His line of work is often centered around pipelines. Data flows from one step to the other and on to the next. This is often done with bash scripts.

Docker is nice and you can hook up multiple dockers. But… it is all network-centric: a web container plus a database container plus a redis container. It isn’t centered on data flows.

So he build something new: kliko. He’s got a spec for “kliko” containers. Like “read your input from /input”. “Write your output to /output”. There should be a kliko.yml that defines the parameters you can pass. There should be a /kliko script as an entry point.

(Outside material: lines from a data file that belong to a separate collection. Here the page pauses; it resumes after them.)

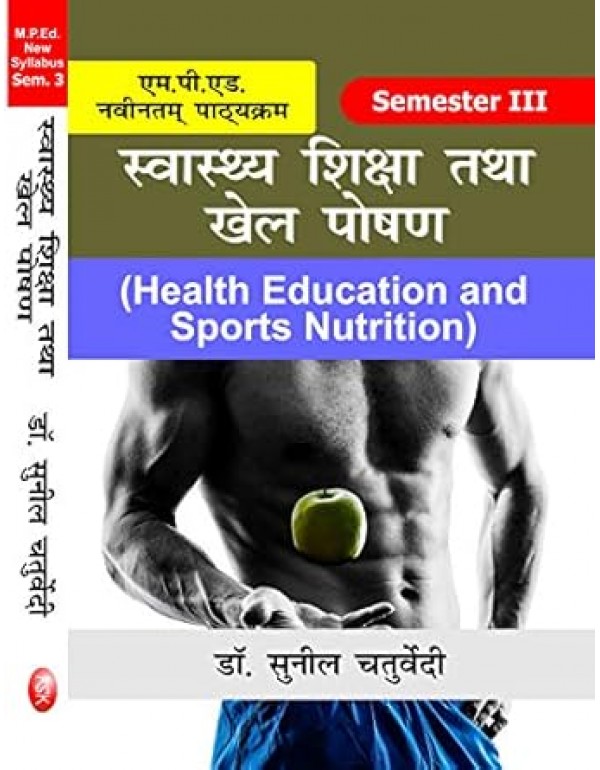 Swasthya Shiksha Tatha Khel Posan (M.P.Ed. New Syllabus) 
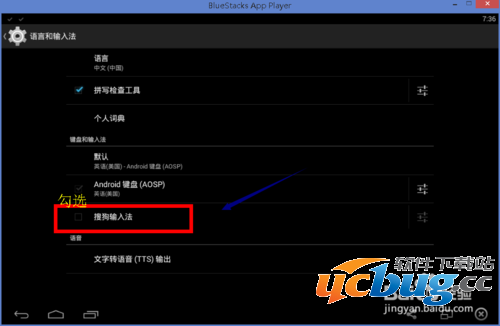 BlueStacks怎么输入中文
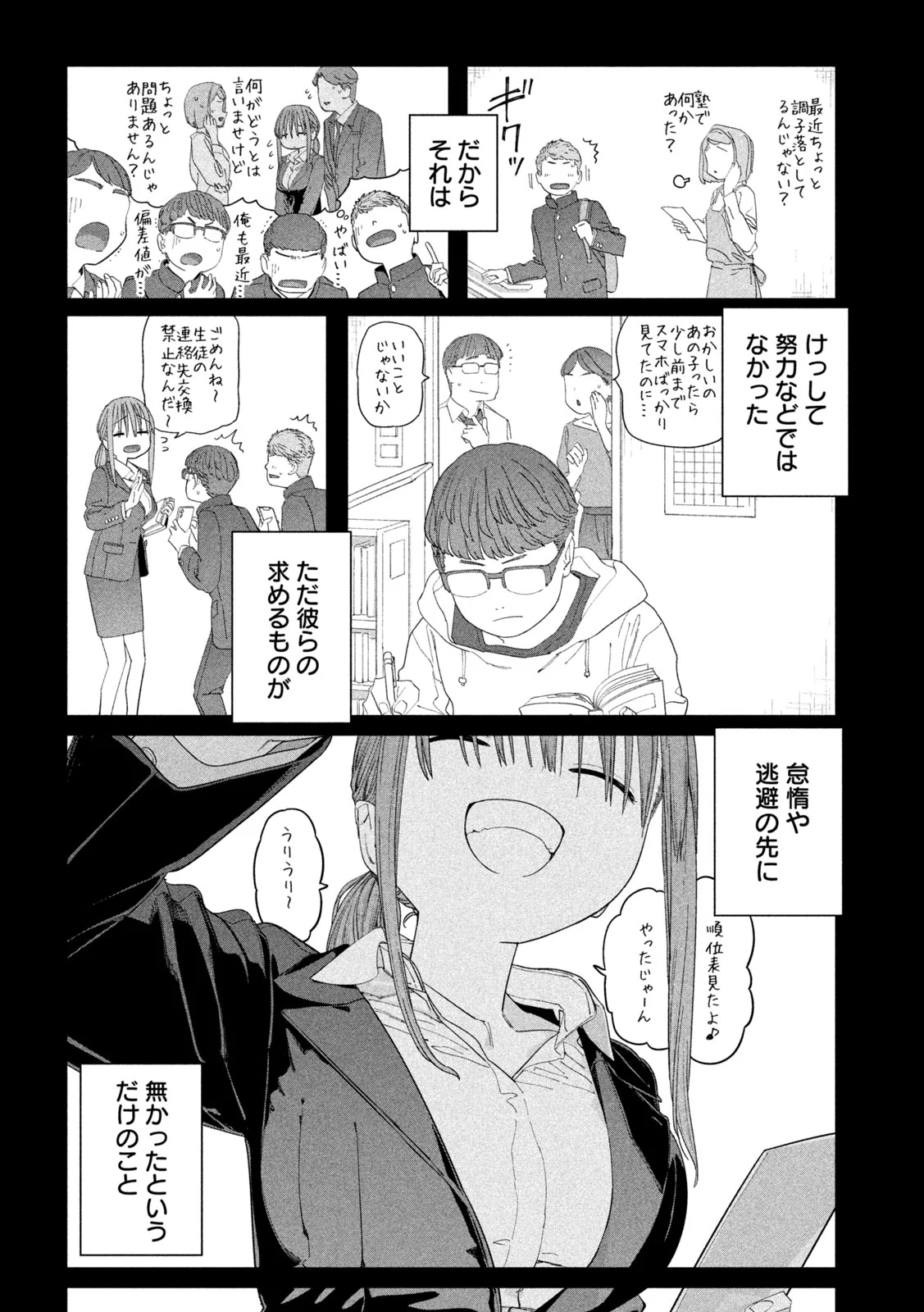 Getsuyoubi no Tawawa Chapter 145 8ページ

Apart from the kliko container, you also have the “kliko runner”. It is the actor that runs the container. It runs the containers with the right parameters. You can pass the parameters on the command line or via a web interface. Perfect for scientists! You get a form where you can fill in the various parameters (defined in the kliko.yml file) and “just” run the kliko container.

An idea: you could use it almost as functional programming: functional containers. Containers that don’t change the data they’re operating on. Every time you run it on the same input data, you get the same results. And you can run them in parallel per definition. And you can do fun things with caching.

There are some problems with kliko.

There is no streaming yet.
It is filesystem based at the moment, which is slow.

These are known problems which are fine with what they’re currently using it for. They’ll work on it, though. One thing they’re also looking at is “kliko-compose”, so something that looks like “docker-compose”.

Some (fundamental) problems with docker:

Docker access means root access, basically.
GPU acceleration is crap.
Cached filesystem layers is just annoying. In first instance it seems fine that all the intermediary steps in your Dockerfile are cached, but it is really irritating once you install, for instance, debian packages. They’re hard to update.
You can’t combine containers.